You can utilize relays depending on security zones, geo-location, and number of nodes that need to connect to it.
However, there is almost never an even distribution in the numbers of them, so there are peaks of similar "types" of nodes.
For example, this is a real distribution (you see one part of relay uuid vs nodes connected to them):6a81cf67da3d 486
e110a8eac053 13
16992e66f373 172
afb7081228de 3350
4a9f6afea17c 133
2555476521fb 2304
89ec081228de 856
76b2081228de 689
089053ddd718 588
As you can see, there are big peaks of 2k+ number of nodes connected to one relays, because they are "logically identical" based on the requirements.
And those two outraging are also basically in the same "zone", we just separated them by something we could automate, but basically 5600+ nodes would require the same relay.
- Create the concept of "zones" that you can use to describe an area like "TEST", "QA", "DMZ-1", "REGULAR", and also put the IP Subnet restrictions on this level. The default could be "default" :-)
- Assign the relays to these zones, so they inherit the description and IP subnet.
- The node registers to an existing policy server, that puts it in a zone /or/ If #7876 is implemented, you can define the "zone" on allocation or it gets "default", and the response would contain a relay that has the least nodes on it.
- Sync the policy to all relays in a zone.
- The node receives the list of all possible relays in the "zone" as a list, and chooses one of it randomly if it is available (port 443+5309 open?)
- ensure you can do rolling upgrades and the nodes can handle the outage of relays as long there are others in the "zone"
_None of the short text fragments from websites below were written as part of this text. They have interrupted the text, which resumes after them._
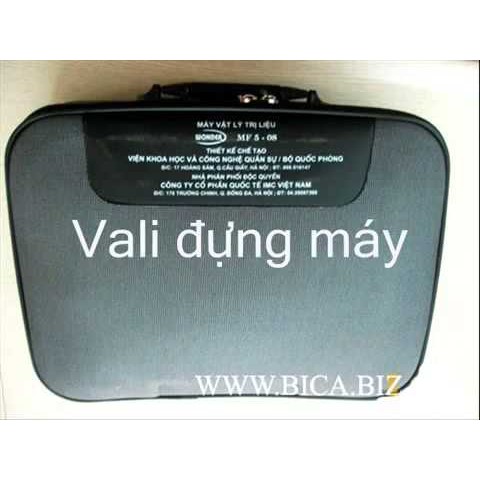 MÁY VẬT LÝ TRỊ LIỆU GREAT 12 ( Viện 108 & Công Ty BQP)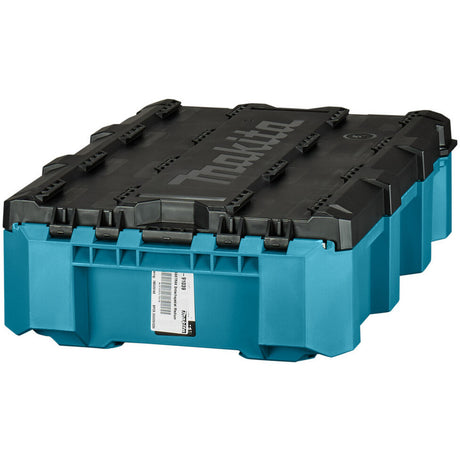 Makita Maktrak Werkzeugkoffer mittel (blau schwarz)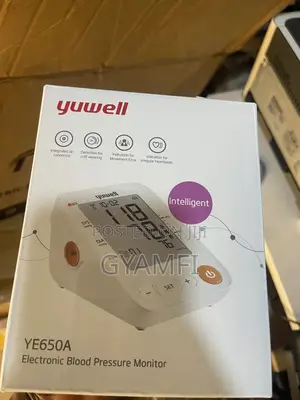 Yuwell Bp Machine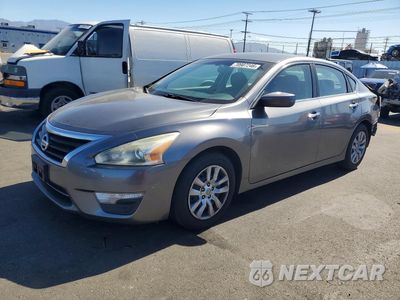2014 NISSAN ALTIMA 2.5 S 1N4AL3AP2EC161602 - główne zdjęcie licytacji z USA - miniatura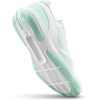 image:imageWilson UnisexChild Rush Pro 5 Junior Tennis ShoeClear WhiteBayFiery Coral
- distribute the load (hopefull) evenly among the relays in the same "zone"
- only extend the current setup, where you have one relay for a node, you just extend '1' to 'n'
Updated by Benoît PECCATTE over 7 years ago
- Category set to Performance and scalability
Updated by François ARMAND almost 3 years ago
- Status changed from New to Backlog
This is not tracked into our roadmap, we will change the status if it is priorized.